━━━ PROVIDED DATA ━━━

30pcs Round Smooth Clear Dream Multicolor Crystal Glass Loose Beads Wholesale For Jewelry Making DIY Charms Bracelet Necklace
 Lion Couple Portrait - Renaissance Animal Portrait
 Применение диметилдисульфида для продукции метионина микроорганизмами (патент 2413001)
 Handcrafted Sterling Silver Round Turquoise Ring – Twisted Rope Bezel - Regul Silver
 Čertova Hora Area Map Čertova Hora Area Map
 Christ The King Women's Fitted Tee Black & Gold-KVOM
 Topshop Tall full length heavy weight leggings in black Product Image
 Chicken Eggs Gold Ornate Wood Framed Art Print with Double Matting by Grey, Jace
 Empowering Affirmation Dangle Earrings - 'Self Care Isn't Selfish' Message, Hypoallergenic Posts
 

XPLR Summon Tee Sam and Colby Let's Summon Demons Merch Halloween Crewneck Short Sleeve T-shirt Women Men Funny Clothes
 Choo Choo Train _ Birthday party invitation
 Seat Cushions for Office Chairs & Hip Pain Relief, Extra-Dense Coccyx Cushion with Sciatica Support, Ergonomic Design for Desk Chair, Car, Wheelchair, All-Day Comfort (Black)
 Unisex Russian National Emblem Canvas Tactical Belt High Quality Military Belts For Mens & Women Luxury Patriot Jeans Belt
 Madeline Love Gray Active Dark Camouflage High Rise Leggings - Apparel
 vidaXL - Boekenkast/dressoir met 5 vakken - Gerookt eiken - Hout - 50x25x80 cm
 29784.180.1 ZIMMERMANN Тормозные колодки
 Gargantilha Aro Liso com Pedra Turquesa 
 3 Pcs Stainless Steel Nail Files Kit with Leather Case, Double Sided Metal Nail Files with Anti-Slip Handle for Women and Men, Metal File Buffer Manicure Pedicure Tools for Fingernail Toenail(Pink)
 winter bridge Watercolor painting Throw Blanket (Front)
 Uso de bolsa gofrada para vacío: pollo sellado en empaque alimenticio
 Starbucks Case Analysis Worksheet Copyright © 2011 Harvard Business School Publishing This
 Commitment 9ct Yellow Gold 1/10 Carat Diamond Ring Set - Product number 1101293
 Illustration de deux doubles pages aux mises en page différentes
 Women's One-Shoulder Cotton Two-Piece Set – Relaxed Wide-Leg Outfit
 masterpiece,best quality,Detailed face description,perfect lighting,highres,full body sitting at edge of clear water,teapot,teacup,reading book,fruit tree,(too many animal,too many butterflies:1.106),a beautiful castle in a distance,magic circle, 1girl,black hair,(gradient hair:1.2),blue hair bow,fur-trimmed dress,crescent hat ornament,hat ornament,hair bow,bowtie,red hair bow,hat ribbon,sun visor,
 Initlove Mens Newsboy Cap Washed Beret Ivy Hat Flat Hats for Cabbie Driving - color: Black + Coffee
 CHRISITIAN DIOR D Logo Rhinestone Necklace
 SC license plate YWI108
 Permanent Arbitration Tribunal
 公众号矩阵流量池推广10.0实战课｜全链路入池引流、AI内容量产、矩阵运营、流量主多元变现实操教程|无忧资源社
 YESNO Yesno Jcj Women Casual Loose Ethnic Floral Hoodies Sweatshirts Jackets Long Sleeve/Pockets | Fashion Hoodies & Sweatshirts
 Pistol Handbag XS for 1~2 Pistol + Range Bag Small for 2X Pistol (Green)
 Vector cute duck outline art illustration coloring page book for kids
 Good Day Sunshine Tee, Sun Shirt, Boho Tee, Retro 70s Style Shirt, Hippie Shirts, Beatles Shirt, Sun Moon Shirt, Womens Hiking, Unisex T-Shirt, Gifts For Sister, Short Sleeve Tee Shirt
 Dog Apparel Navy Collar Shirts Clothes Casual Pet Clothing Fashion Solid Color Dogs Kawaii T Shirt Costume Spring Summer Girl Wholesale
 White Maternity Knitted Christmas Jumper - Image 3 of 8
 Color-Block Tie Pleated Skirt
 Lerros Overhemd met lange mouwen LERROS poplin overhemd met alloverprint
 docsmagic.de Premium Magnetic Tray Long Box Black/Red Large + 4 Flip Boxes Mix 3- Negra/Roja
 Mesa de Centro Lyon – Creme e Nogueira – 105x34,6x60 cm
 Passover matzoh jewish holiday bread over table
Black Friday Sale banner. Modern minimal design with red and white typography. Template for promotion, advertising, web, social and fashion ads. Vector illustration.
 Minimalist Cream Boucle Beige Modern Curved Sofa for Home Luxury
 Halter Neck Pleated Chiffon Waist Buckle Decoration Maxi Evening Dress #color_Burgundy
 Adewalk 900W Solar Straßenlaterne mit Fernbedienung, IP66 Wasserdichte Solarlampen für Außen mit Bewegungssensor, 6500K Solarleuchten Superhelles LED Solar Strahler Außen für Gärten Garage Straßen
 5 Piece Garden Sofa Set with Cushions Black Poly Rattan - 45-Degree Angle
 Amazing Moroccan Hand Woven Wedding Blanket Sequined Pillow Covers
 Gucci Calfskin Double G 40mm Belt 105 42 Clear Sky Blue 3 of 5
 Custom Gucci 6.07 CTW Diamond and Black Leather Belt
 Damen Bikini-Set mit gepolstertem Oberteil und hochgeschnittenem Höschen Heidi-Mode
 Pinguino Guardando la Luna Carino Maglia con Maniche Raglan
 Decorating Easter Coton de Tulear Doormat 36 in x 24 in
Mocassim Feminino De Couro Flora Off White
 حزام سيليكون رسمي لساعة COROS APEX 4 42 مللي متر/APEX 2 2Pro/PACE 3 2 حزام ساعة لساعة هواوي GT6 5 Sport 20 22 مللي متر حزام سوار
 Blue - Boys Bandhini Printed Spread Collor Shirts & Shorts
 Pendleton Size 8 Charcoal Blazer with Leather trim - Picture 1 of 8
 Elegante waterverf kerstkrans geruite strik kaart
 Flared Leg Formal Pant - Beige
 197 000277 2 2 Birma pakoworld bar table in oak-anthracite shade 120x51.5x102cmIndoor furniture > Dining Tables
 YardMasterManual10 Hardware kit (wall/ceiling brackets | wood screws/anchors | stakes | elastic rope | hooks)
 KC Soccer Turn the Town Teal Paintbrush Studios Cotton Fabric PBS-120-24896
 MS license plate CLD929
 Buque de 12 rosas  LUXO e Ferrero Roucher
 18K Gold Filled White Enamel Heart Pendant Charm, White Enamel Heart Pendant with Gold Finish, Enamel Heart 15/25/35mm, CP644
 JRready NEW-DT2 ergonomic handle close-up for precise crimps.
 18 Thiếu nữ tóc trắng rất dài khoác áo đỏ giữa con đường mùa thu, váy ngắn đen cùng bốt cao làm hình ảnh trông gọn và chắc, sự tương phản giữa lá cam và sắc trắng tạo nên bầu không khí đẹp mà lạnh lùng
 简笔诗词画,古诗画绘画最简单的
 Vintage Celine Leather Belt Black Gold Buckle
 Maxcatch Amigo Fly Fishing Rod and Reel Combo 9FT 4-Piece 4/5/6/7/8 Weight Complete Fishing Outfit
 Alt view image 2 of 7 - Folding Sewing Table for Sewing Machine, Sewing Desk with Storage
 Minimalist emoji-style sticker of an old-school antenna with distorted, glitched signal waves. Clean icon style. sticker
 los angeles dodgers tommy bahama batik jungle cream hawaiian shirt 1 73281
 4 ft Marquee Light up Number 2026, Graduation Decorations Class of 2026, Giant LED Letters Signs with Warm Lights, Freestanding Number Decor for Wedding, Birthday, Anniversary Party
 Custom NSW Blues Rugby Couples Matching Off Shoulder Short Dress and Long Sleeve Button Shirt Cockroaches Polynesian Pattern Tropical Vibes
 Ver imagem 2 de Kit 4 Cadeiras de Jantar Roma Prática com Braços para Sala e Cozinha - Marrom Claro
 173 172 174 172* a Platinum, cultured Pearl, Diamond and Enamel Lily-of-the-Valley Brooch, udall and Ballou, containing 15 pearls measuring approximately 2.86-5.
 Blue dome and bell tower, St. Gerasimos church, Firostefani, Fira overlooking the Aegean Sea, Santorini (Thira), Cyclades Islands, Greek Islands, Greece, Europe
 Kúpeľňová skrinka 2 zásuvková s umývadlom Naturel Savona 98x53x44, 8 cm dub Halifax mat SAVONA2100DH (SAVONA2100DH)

━━━

• EXERCISE PROMPT: Everything above from the line with "29784.180.1 ZIMMERMANN Тормозные колодки" to the line with "Women's One-Shoulder Cotton", both included, must be repeated exactly, and nothing outside that range.

• WRITTEN REPLY:
 29784.180.1 ZIMMERMANN Тормозные колодки
 Gargantilha Aro Liso com Pedra Turquesa 
 3 Pcs Stainless Steel Nail Files Kit with Leather Case, Double Sided Metal Nail Files with Anti-Slip Handle for Women and Men, Metal File Buffer Manicure Pedicure Tools for Fingernail Toenail(Pink)
 winter bridge Watercolor painting Throw Blanket (Front)
 Uso de bolsa gofrada para vacío: pollo sellado en empaque alimenticio
 Starbucks Case Analysis Worksheet Copyright © 2011 Harvard Business School Publishing This
 Commitment 9ct Yellow Gold 1/10 Carat Diamond Ring Set - Product number 1101293
 Illustration de deux doubles pages aux mises en page différentes
 Women's One-Shoulder Cotton Two-Piece Set – Relaxed Wide-Leg Outfit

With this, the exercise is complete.